Jeff, un doigt au bout du destin

Voici deux jours que Jeff a décidé de reprendre son destin en main. Sa femme n’était pas contre, ça se comprend : elle est partie avec deux valises, les cartes bleues de son mar(r)i et son portable à elle qui fait GPS, inclus Mappy et plein d’applications subalternes qui la rendent indétectable sur sa décision, ses mouvements, son identité et ses désirs de trouver ailleurs l’homme de sa vie, celui qui rechargera pour un temps ses batteries. L’amour est devenu une grande cuisine sans ustensiles ni lave-vaisselle (fabriquées en Bretagne). Une borne, un jalon politiquement incorrect.

Pendant ce temps Jeff roupille. Certes, il s’est levé pour pisser dans la nuit et en a profité pour récupérer son nounours que Josepha son épouse avait planqué dans le buffet, celui qui a encore une clef pour l’ouvrir. Jeff a découvert la planque en même temps que la lettre d’adieu de Josepha et la fameuse clé dissimulée dans l’enveloppe. Peut-être qu’en tant que narrateur il me faudra vous en lire le contenu. Pour l’heure, patience. Tenez, voici des cartes à jouer pour battre votre coulpe.

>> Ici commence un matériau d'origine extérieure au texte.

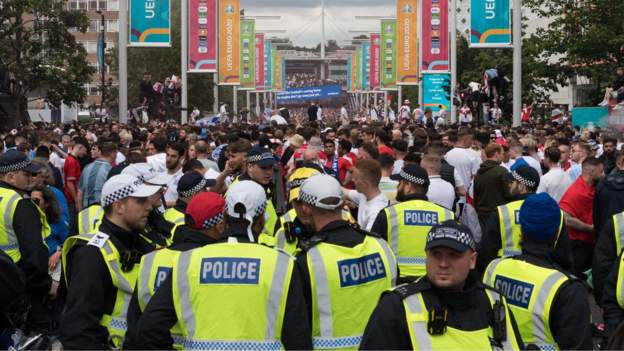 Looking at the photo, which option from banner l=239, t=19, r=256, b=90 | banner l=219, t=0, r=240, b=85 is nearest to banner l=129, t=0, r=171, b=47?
banner l=219, t=0, r=240, b=85

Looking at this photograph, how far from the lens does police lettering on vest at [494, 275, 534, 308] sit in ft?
16.8

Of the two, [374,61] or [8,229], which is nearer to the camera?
[8,229]

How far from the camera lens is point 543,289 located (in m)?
5.05

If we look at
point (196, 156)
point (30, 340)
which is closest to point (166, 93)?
point (196, 156)

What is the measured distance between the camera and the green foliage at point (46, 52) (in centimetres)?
3581

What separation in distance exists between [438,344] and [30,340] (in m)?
2.77

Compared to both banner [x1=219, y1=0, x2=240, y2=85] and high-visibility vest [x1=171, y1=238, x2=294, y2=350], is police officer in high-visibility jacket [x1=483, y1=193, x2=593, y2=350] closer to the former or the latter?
high-visibility vest [x1=171, y1=238, x2=294, y2=350]

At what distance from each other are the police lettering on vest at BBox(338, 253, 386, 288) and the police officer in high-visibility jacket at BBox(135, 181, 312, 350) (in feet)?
1.91

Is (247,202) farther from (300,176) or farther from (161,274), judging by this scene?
(300,176)

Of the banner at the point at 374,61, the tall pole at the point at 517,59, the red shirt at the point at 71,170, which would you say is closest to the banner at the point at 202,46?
the tall pole at the point at 517,59

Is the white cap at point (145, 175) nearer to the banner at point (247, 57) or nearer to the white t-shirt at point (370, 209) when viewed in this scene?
the white t-shirt at point (370, 209)

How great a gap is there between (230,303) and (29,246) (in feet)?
8.63

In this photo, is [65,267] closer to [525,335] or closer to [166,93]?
[525,335]

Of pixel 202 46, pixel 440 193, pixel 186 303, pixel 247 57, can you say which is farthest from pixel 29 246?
pixel 247 57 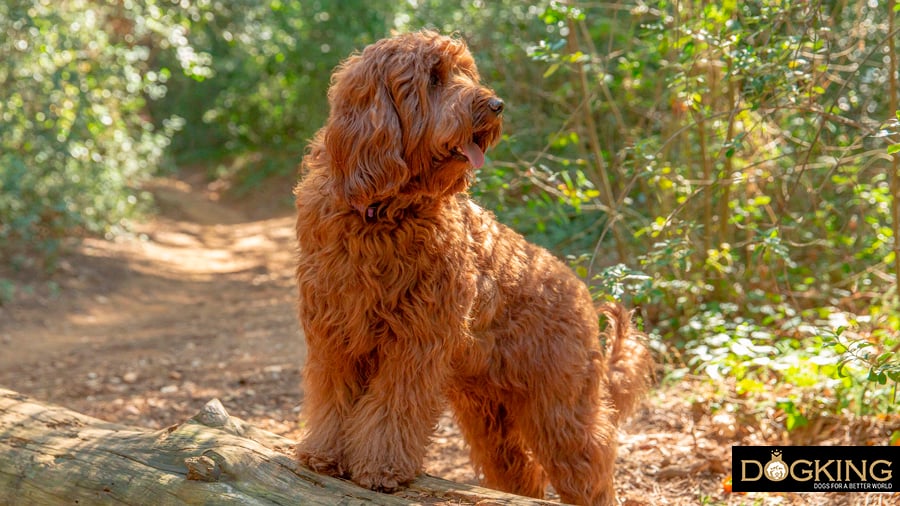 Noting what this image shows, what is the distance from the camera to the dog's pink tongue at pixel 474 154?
10.6 feet

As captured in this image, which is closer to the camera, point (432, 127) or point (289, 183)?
point (432, 127)

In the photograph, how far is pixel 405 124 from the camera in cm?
325

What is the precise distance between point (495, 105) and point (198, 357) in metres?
4.75

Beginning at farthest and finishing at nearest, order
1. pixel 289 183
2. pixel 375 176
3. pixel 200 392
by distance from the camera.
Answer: pixel 289 183 → pixel 200 392 → pixel 375 176

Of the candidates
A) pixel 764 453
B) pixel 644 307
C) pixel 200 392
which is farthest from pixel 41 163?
pixel 764 453

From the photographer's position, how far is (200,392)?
6074mm

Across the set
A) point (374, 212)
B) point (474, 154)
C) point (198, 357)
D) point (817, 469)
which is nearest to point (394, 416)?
point (374, 212)

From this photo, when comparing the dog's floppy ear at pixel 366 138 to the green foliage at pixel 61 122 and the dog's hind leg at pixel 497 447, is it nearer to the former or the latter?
the dog's hind leg at pixel 497 447

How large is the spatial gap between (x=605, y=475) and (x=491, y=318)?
96 cm

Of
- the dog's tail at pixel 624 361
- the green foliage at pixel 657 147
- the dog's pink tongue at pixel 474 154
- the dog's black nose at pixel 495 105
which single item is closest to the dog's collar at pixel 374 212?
the dog's pink tongue at pixel 474 154

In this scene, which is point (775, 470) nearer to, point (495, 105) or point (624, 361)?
point (624, 361)

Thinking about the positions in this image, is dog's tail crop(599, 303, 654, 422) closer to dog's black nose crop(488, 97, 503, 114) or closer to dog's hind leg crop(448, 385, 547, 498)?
dog's hind leg crop(448, 385, 547, 498)

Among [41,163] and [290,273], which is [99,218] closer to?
[41,163]

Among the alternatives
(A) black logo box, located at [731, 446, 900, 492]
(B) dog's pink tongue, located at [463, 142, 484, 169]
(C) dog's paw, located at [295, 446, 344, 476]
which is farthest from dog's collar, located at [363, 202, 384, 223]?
(A) black logo box, located at [731, 446, 900, 492] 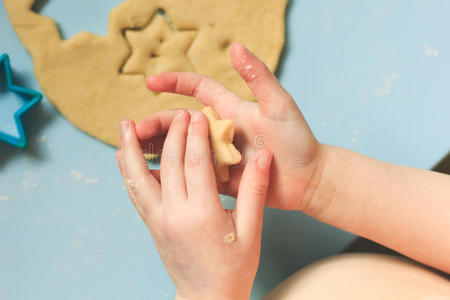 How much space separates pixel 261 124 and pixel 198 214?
0.18 metres

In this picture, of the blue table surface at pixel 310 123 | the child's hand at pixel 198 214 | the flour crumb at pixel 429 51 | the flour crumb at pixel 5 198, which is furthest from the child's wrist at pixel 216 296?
the flour crumb at pixel 429 51

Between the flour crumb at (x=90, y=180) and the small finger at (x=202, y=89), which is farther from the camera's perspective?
the flour crumb at (x=90, y=180)

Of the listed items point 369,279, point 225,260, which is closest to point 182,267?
point 225,260

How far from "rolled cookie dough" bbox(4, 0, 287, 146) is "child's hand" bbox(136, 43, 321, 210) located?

Josepha, par contre, n’a pas trouvé la clé de l’Aston Martin de son époux. Elle a pris un taxi et rejoint la gare la plus proche, environ trente bornes, puis s’est engouffrée dans le premier train qui se présentait. Elle s’assit sur le siège à côté duquel un type séduisant lisait un journal breton, « le Jourd’hui », journal dont elle ignorait l’existence mais qui l’intrigua . « C’est un journal local ? » demanda-t-elle à son voisin. « Oui madame, il paraît deux fois par jour. » Le message était clair : engager la conversation pouvait aux yeux de Josepha recharger les batteries à plat ventre de sa rupture d’avec Jeff.

En face de ces deux voyageurs s’assirent, à la halte suivante, une femme gironde et un vieux singe usé à force de monter aux arbres pour recueillir les noix de cocos insoumises dont les touristes raffolent dans les îles, surtout les suisses, qui en font leurs cocktails favoris agrémentés de glaçons alpins, une denrée rare.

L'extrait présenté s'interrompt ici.